Ben Bartosik

May 16, 2024

"People move through a space and dwell in a place."

In Building & Dwelling, Sennett draws this interesting relationship between spaces and places in terms of the speed at which people travel through them. He makes an interesting note around the way in which we can take in more liminal visual information when we are walking as opposed to being in a vehicle. This speaks to the role of a place in nurturing a desire to slow down and take in all the sights and sounds that it has to offer.

He also noted how the anxiety or frustration around the speed at which we are able to move through a city is a relatively new thing that came as we attempted to "improve" it. Slow movement through cities used to be the norm and this kept people in a far more relaxed state. Now, as sought to make moving through cities at greater speeds a goal, when it slows down it feels as though something with the city is broken.

Mobility then became a core goal or urban planning.
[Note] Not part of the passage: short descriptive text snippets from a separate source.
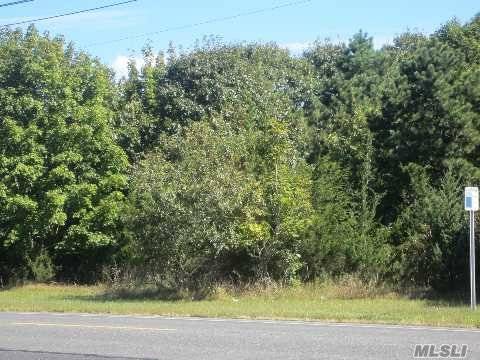 81A and 83 Montauk Highway portefeuille de 2 propriétés à vendre sur LoopNet.ca - Photo du bâtiment - Image 2 de 5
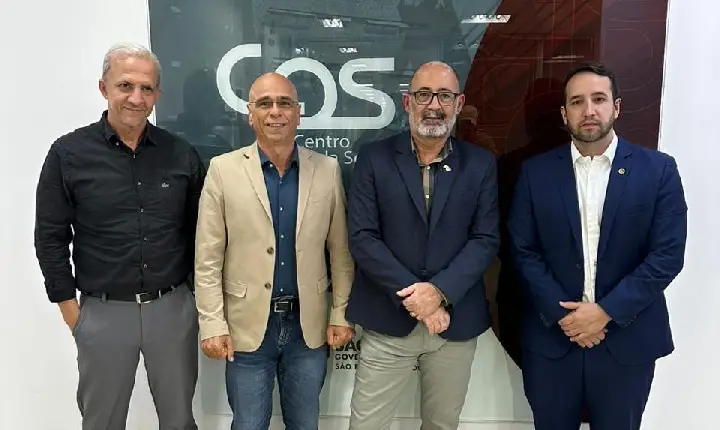 Estado atende Coimbra e avalia construção da Fatec no Guarujá-SP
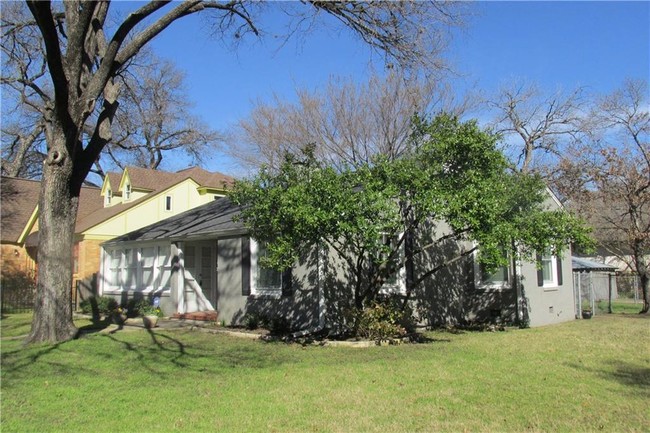 Building Photo - 1500 W 29th St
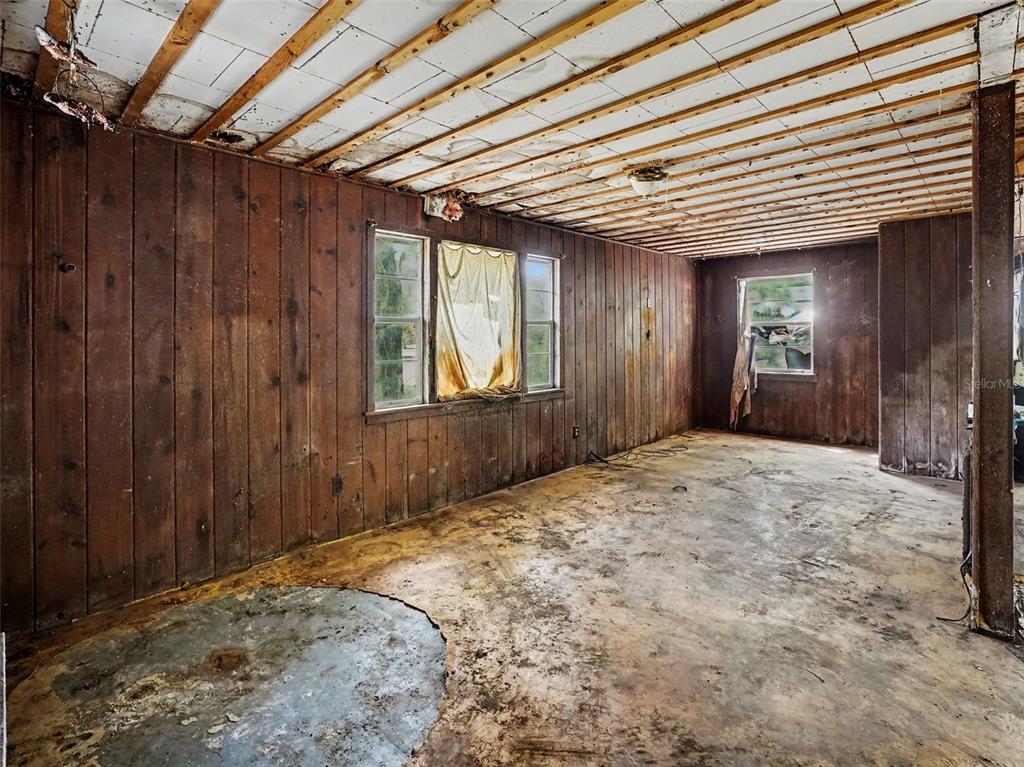 25628 Fishermans Road Paisley, FL 32767 - Photo 7 of 18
And in the process, places to linger were reduced to spaces to get through.

May 13, 2024

Started reading Building & Dwelling by Richard Sennett and I'm honestly quite surprised I have not read any of his stuff before. It feels like a strange oversight in the trajectory of my thinking over the last decade or so. I was so immediately taken by him that I ordered the other two books in this trilogy. One of the more interesting connections is finding out that he was taught by Hannah Arendt, someone whose thinking has really inspired my own over the last couple years.
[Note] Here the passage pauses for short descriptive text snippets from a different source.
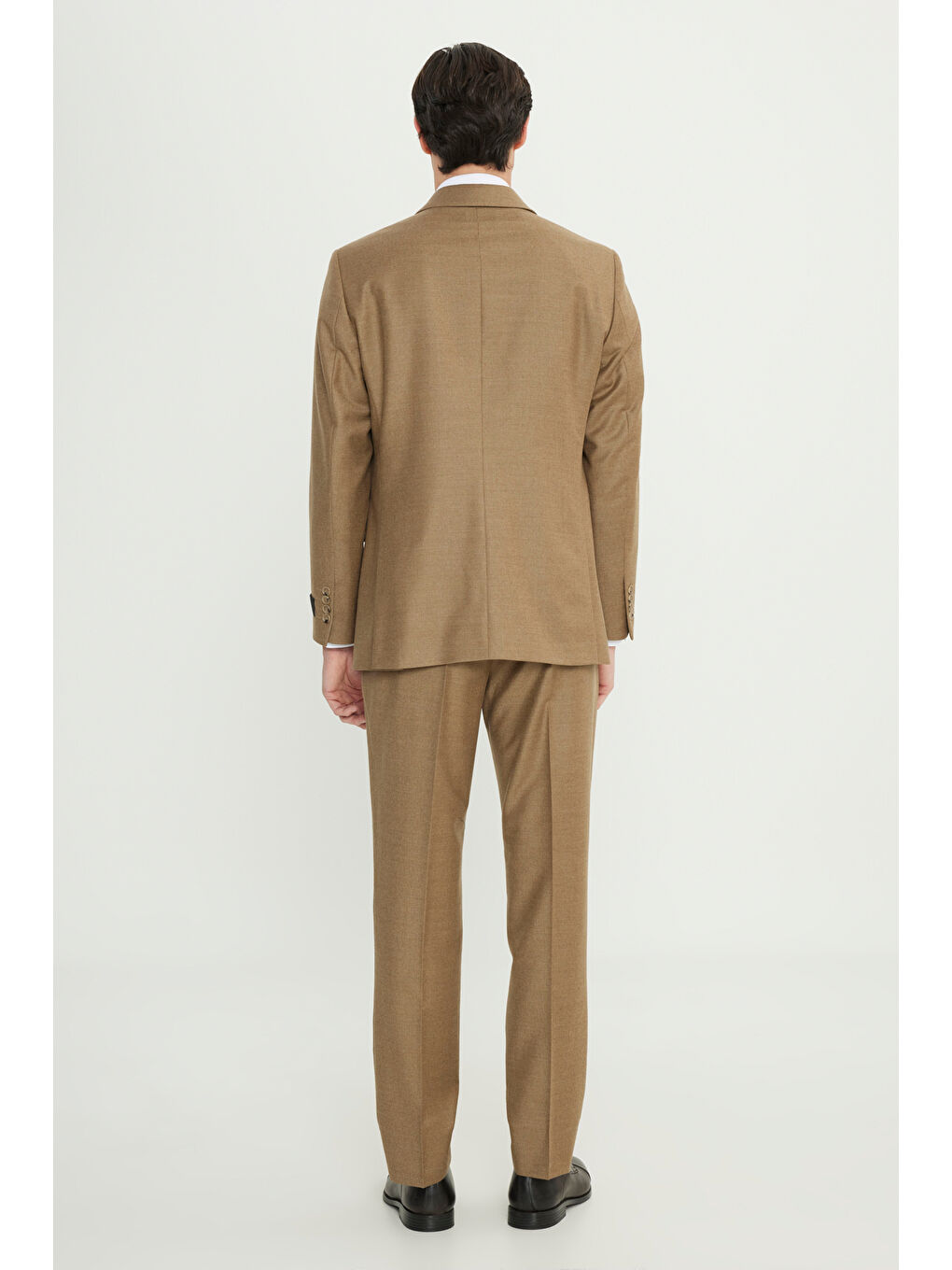 Kahverengi Erkek Camel Yünlü Slim Fit Dar Kesim Kırlangıç Yaka Kapak Cepli Kruvaze Takım Elbise-5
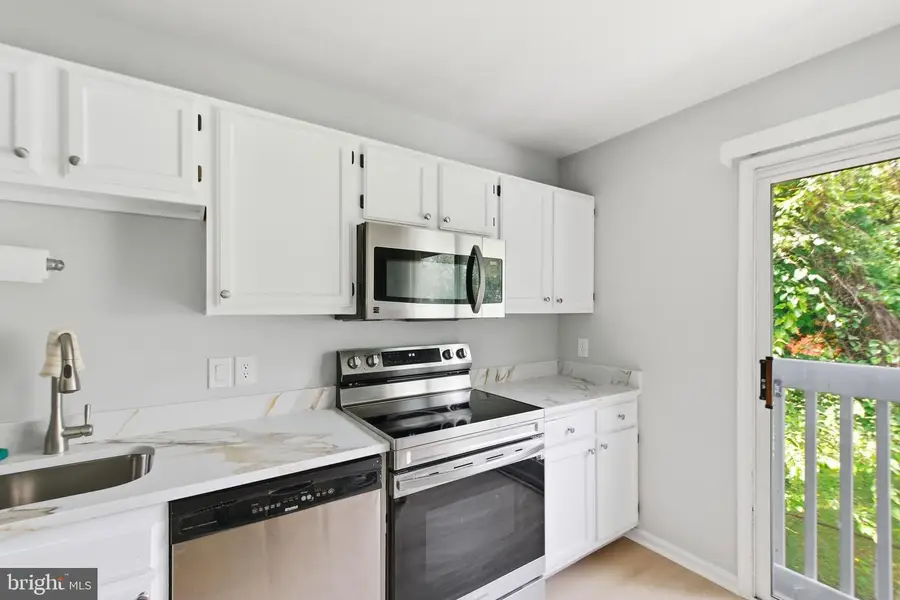 5121 S South Barnaby Rd, Temple Hills, MD 20748 - #3
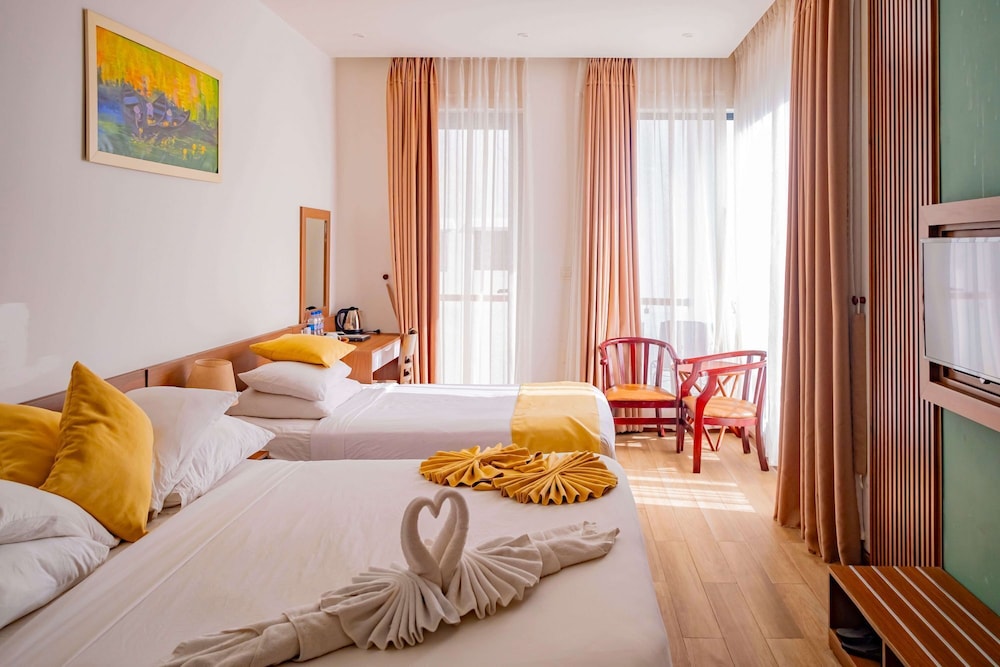 FAMILY, POOL VIEW, BALCONY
In this book Sennett is exploring the relationship between the built environment of cities (the 'ville', or buildings) and the character of life within them (the 'cite', or dwelling). He begins by posing the question, "should urbanism represent society as it is or seek to change it?"
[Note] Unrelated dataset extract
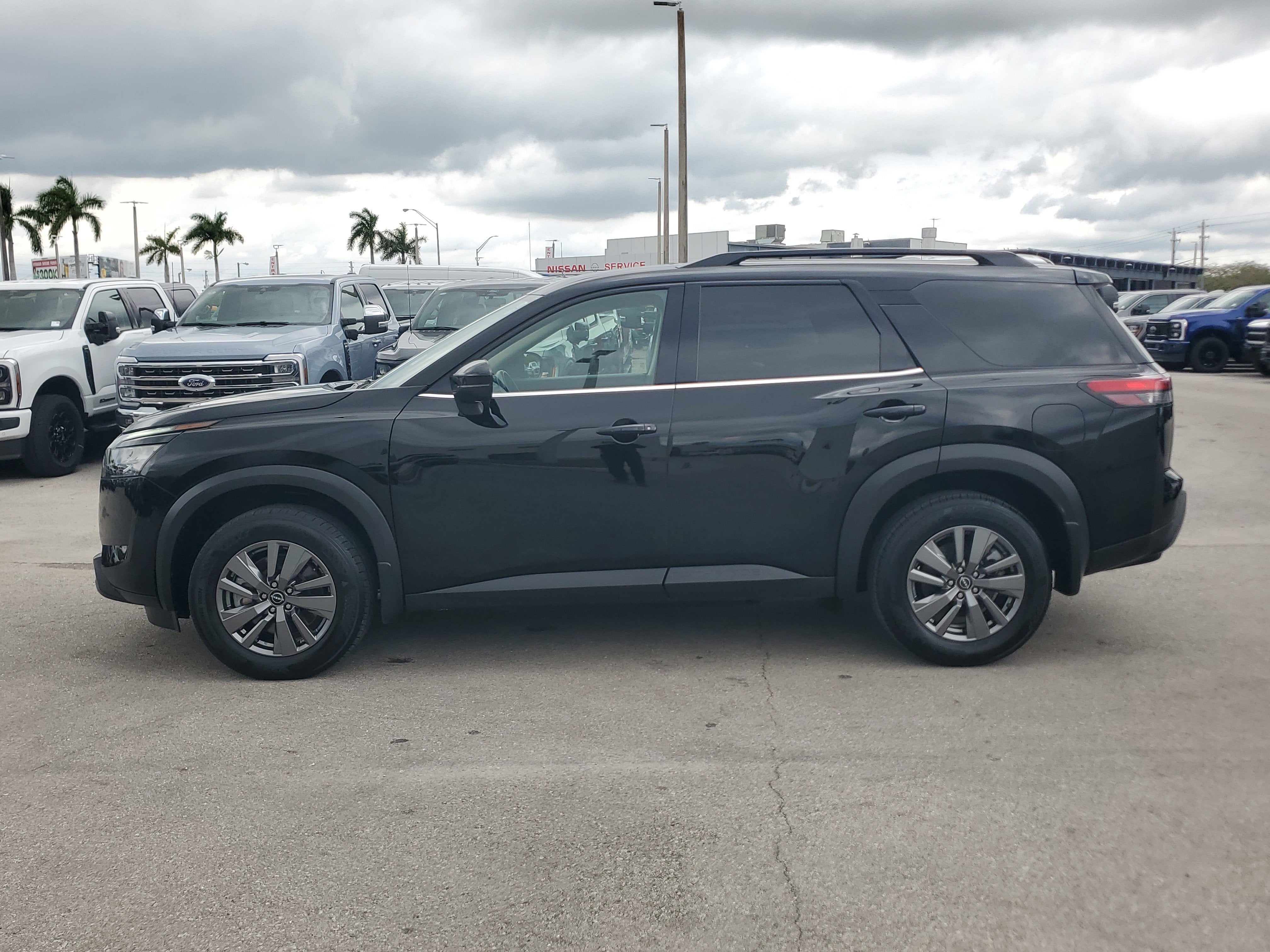 2025 Nissan Pathfinder SV
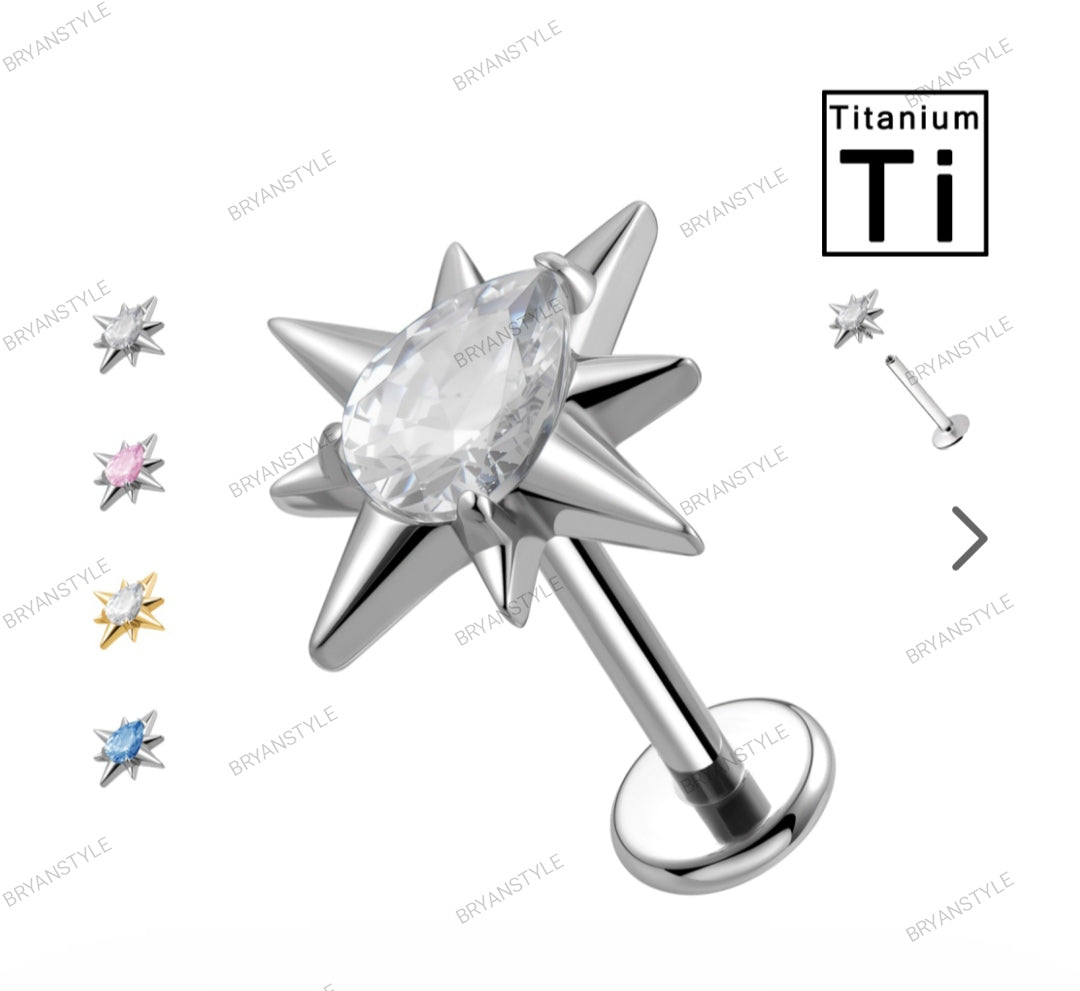 piercing labret in titanio con stella e cristallo a goccia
He points to several hallmarks of modern cities emerged almost accidentally, as urban engineers were often trying to improve the quality of life of people within cities. One example he gives is smooth stone paving for streets was initially thought up in an attempt to make it easier to clean up horse droppings and hopefully by making them easier to clean, people would be less likely to dump their garbage all over them. This had the added effect of making streets cleaner and more useable as a social space.